• _MATERIAL SUPPLIED_
'''
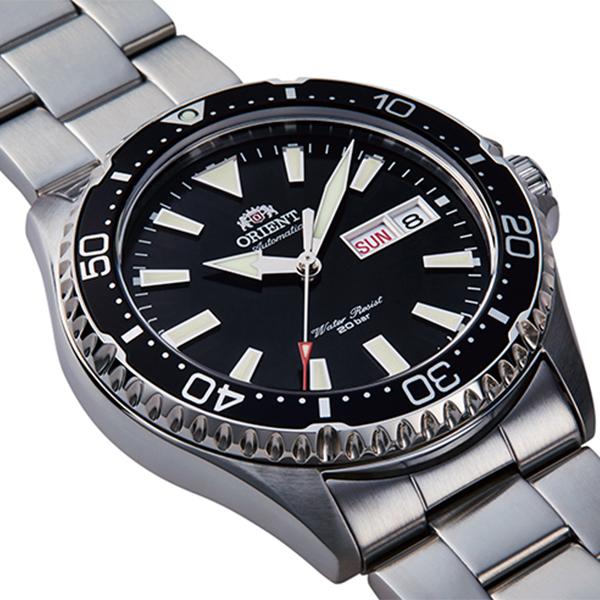 【美品】 オリエント マコ ダイバー 自動巻 黒 カマス RN-AA0001B ORIENT オリエント 腕時計 自動巻き(手巻付き) SPORTS MAKO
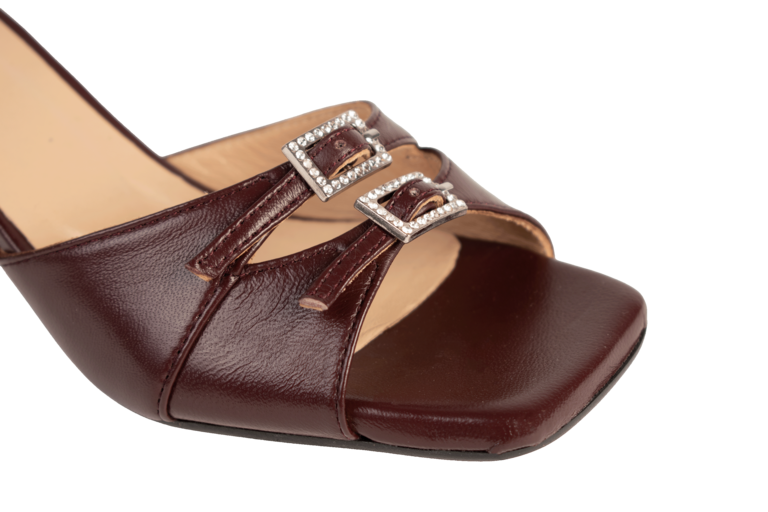 ROSEANNA - KITTEN HEEL SANDAL - BURGUNDY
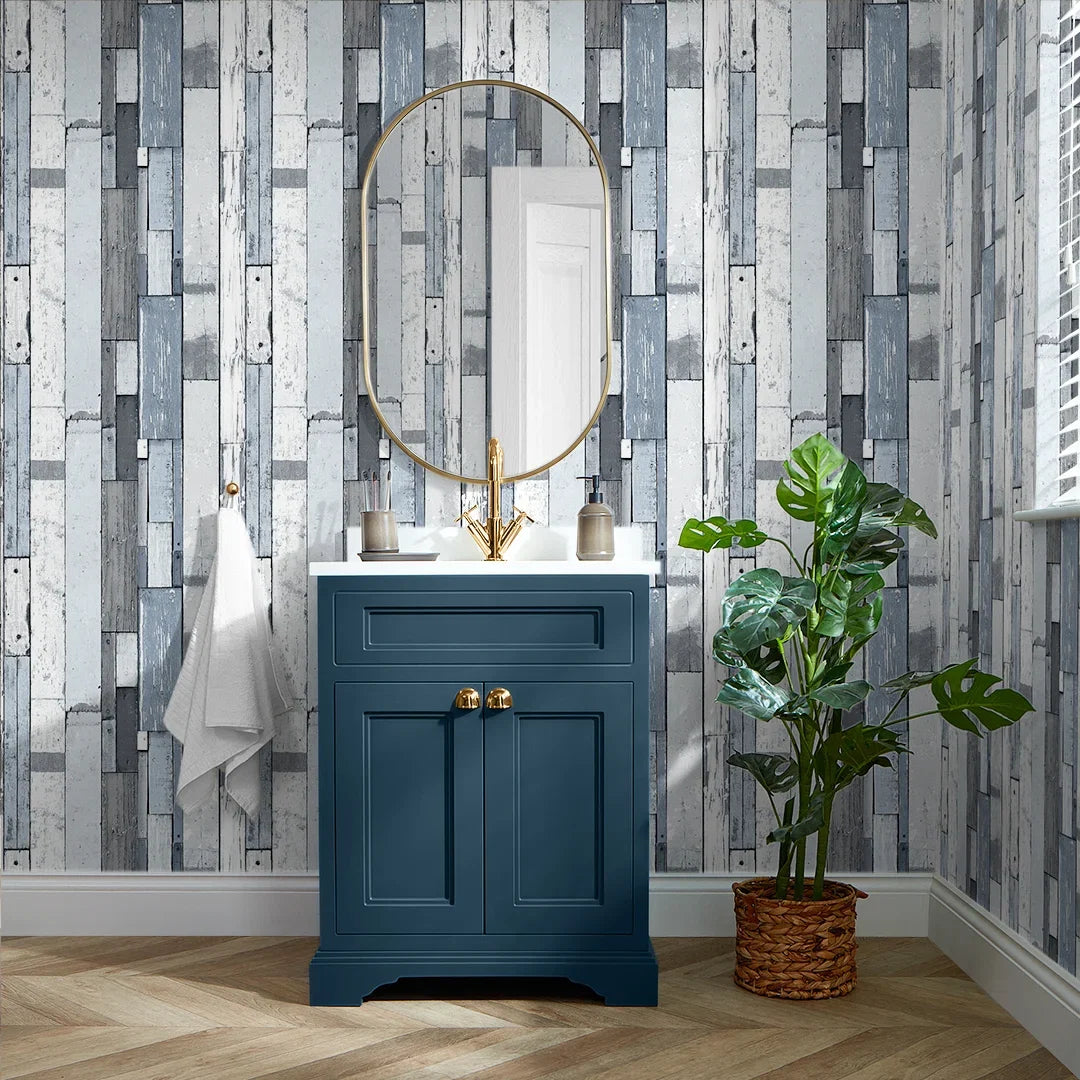 Reclaimed Wood Wallpaper in Blue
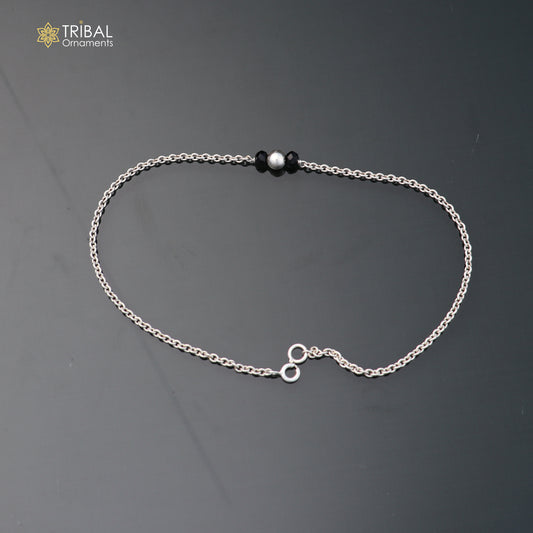 10.5" 925 sterling silver black stone beads anklets foot bracelet belly dance jewelry ank786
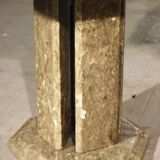 Octagonal post-modernist lounge table in marble beaded massive green quartz, Italy 1970s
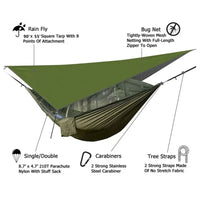 Swallowtail Camping Hammock with Mosquito Net & Rainfly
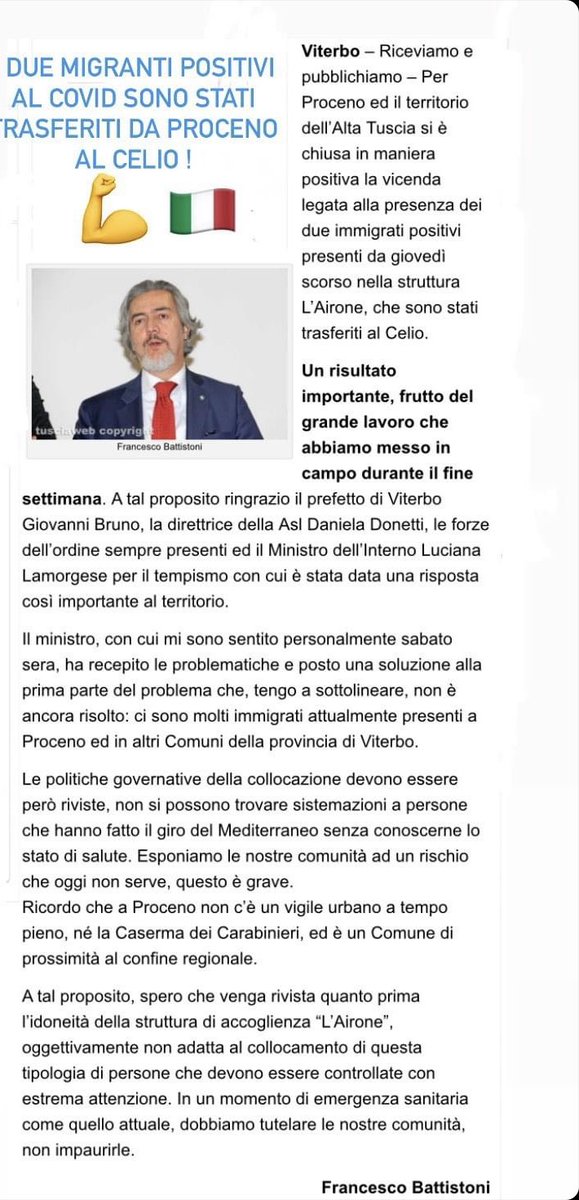 frabattistoni's tweet photo. La gestione dei #migranti va rivista perché espone le nostre #comunità a dei seri rischi.
I due positivi che erano a #Proceno sono stati trasferiti al Celio,ma l’attenzione resta sempre alta!
La salute pubblica va garantita prima di ogni altra cosa.
@GruppoFISenato @forza_italia https://t.co/3BfOsfUvsL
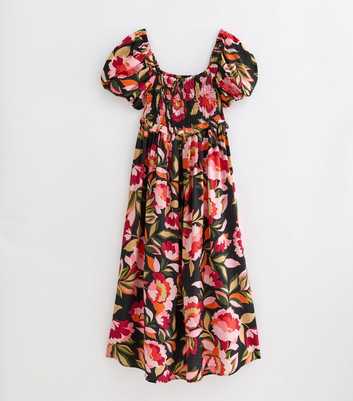Maternity Black Floral Milkmaid Midi Dress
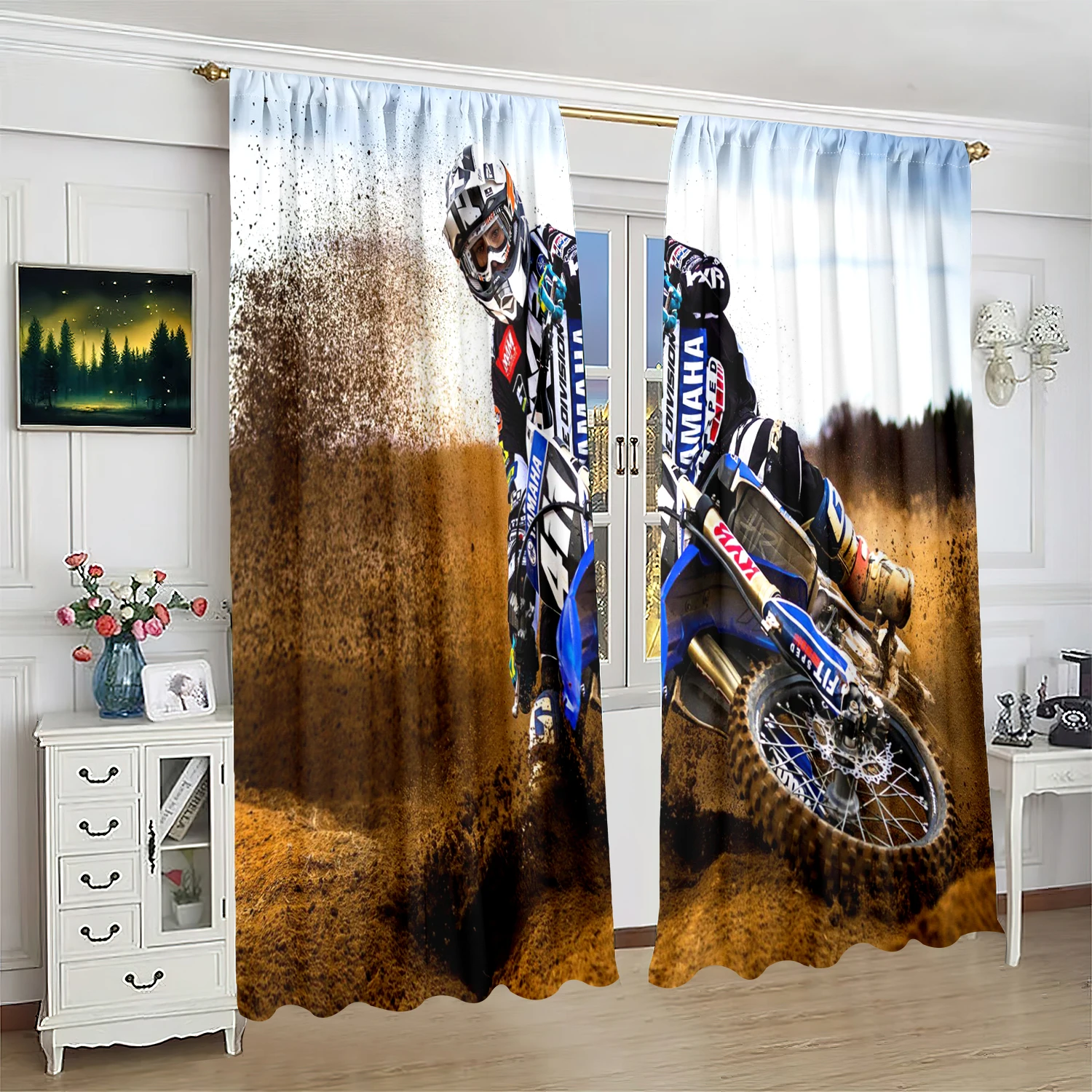 2 pieces - Mountain motorcycle - printed curtain - polyester material - for bedroom living room study anti-privacy curtain
2 pieces - Mountain motorcycle - printed curtain - polyester material - for bedroom living room study anti-privacy curtain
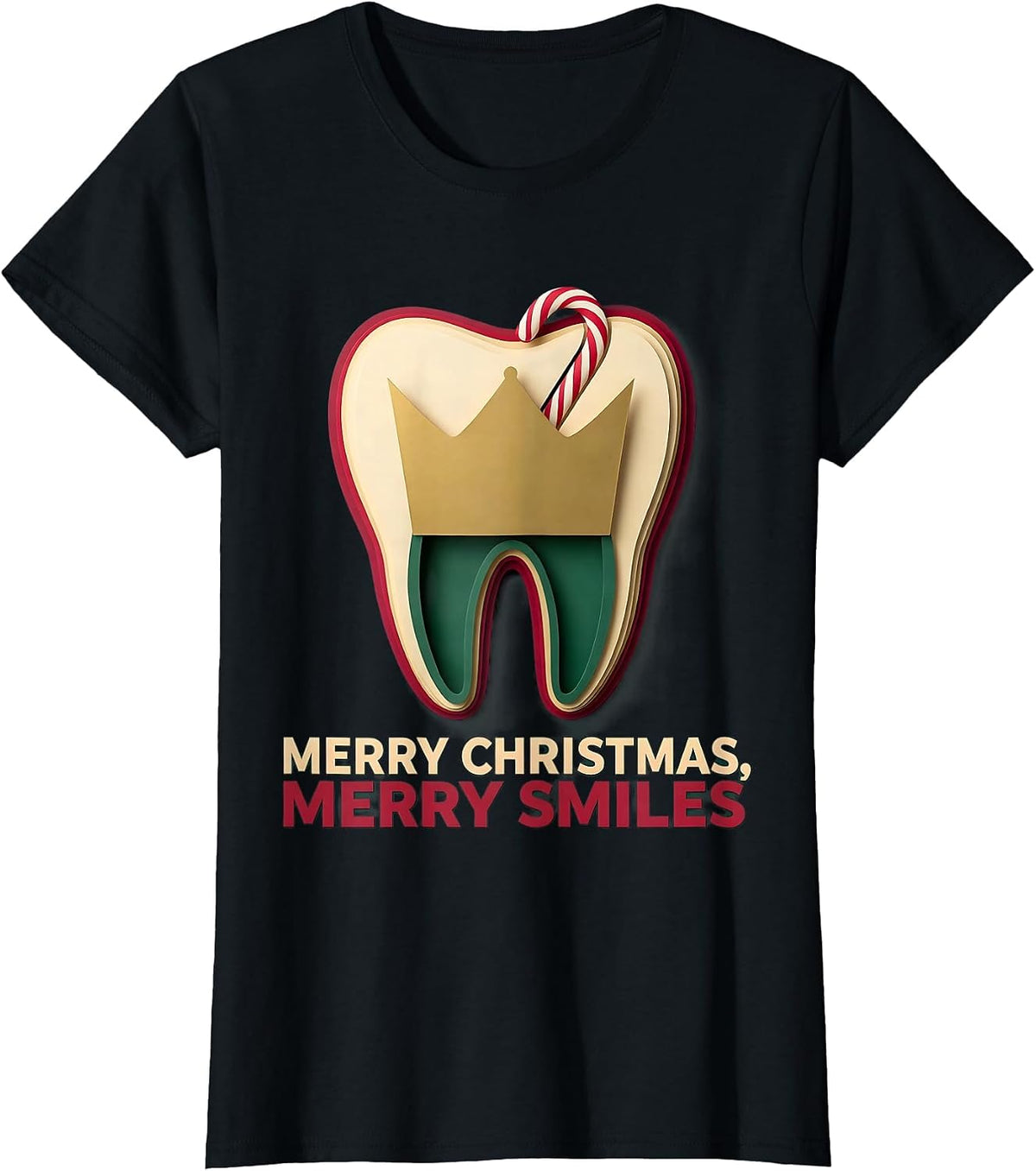 Women's Merry Christmas, Merry Smiles Funny Dental Christmas Dentist T-Shirt - Black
'''
Apart from the images, please copy every line of the data exactly as written.

• _SOLUTION FOR THIS TASK_
 【美品】 オリエント マコ ダイバー 自動巻 黒 カマス RN-AA0001B ORIENT オリエント 腕時計 自動巻き(手巻付き) SPORTS MAKO
 ROSEANNA - KITTEN HEEL SANDAL - BURGUNDY
 Reclaimed Wood Wallpaper in Blue
 10.5" 925 sterling silver black stone beads anklets foot bracelet belly dance jewelry ank786
 Octagonal post-modernist lounge table in marble beaded massive green quartz, Italy 1970s
 Swallowtail Camping Hammock with Mosquito Net & Rainfly
 frabattistoni's tweet photo. La gestione dei #migranti va rivista perché espone le nostre #comunità a dei seri rischi.
I due positivi che erano a #Proceno sono stati trasferiti al Celio,ma l’attenzione resta sempre alta!
La salute pubblica va garantita prima di ogni altra cosa.
@GruppoFISenato @forza_italia https://t.co/3BfOsfUvsL
Maternity Black Floral Milkmaid Midi Dress
 2 pieces - Mountain motorcycle - printed curtain - polyester material - for bedroom living room study anti-privacy curtain
2 pieces - Mountain motorcycle - printed curtain - polyester material - for bedroom living room study anti-privacy curtain
 Women's Merry Christmas, Merry Smiles Funny Dental Christmas Dentist T-Shirt - Black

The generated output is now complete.